U.S. proposing increased security measures
U.S will lift the laptop ban for Etihad Airways flights arriving from Abu Dhabi. 9 other airlines including Emirates are still under the ban. Reason for this repeal is that Abu Dhabi airport already has a U.S. border security which will ensure screening more boarding the aircraft. Last week authorities introduced new measures that will increases screening for electronics that might be promising for loosening the ban.
Increase traffic volume and stable oil price contributing to a profitable quarter amidst turmoil
Delta airlines’ profit increased 3.5% in May over last year. A review of historical U.S airline record since 2004 shows that although overall jet fuel consumption and domestic departures has been declining, airline revenues are seeing a steady increase. This is due to the increased fuel economy of the new aircrafts and airlines increased occupancy of the flights, which increased 5% from 2007- 2016. Stable low oil price will help increase airline profits this quarter.
Airlines avoiding capacity growth
Delta airlines’ profit increased 3.5% in May over last year and increased traffic by 1.7% with no capacity growth. Seven major airlines have slowed down capacity growth as price competition due to overcapacity became major factor in harming airline profitabilities.
Say goodbye to Virgin America, Richard Branson looking to start new Airline
Alaska Airline announced after acquisition of Virgin America brand that it would be dissolved in 2019. When asked about whether he is planning to start a new airline Richard Branson told report: “Watch this space” hinting at possibilities.
Airlines’ China appeasement policies backfires into series of PR disasters
Recently airlines competing in the China market have made series of moves to appease the Chinese sensitivities that have turned out into unmanageable disasters.
Emirates airline has recently increased capacity to 39 flights weekly to major Chinese cities. In a leaked corporate email the airline ordered its Taiwanese cabin crews last week to switch their Taiwanese flag uniform pin for Chinese flag pins i. This has incited anger among the Taiwanese staff and had since been retracted after it being publicized.
Cathay Pacific flight crews refused to add Chinese name tag.

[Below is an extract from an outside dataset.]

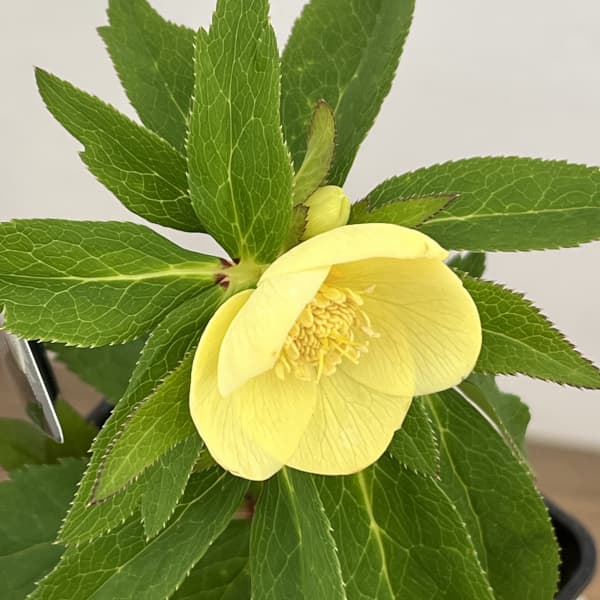 クリスマスローズ：セレクトシングル26-09／1.5Lポット（開花～咲き進み株）【現品販売】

After a disappointing quarter and the biggest ever job cut plan, and a huge debate between using traditional or simplified Chinese in flight, Cathay Pacific is in the news again after ordering its Hong Kong and Taiwan crews to add Chinese names on their name tags. Many resented the act as an appeasement to its Chinese customers and will potentially infringe on the crews privacy if their customer look them up and publicly criticize their service. And many did not like to use their Chinese names as they were sound too “outdated”
For airlines there are definitely ways to make your customers identify with you more through better services but it should never be at the cost of the respect for your own employee’s, especially when it comes to the sensitive topics on China relations and identities.
Dutch king reveals he held part-time job as airline pilot
Dutch King Willem-Alexander has revealed that for the past 23 years his favorite pastime was to fly the KLM passenger jets as “guest pilot” saying: “You can’t take your problems from the ground into the skies. You can completely disengage and concentrate on something else. That, for me, is the most relaxing part of flying.”
Colombian airline wants to make passengers stand
Low fare airline Viva Columbia is considering removing seats from its cabins and introduce a standing cabin hoping that it will drive down fares by squeezing in more passengers each flight.